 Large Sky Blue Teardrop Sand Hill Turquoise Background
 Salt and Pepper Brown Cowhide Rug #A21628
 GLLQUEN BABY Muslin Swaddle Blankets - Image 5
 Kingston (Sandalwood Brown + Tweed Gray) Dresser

...

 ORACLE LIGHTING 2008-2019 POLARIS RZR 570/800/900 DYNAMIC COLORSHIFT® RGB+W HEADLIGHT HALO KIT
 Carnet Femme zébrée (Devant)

▸ **Task instructions**: Select all lines with the word "Brown" from the entries above.

▸ **Task response**:
 Salt and Pepper Brown Cowhide Rug #A21628
 Kingston (Sandalwood Brown + Tweed Gray) Dresser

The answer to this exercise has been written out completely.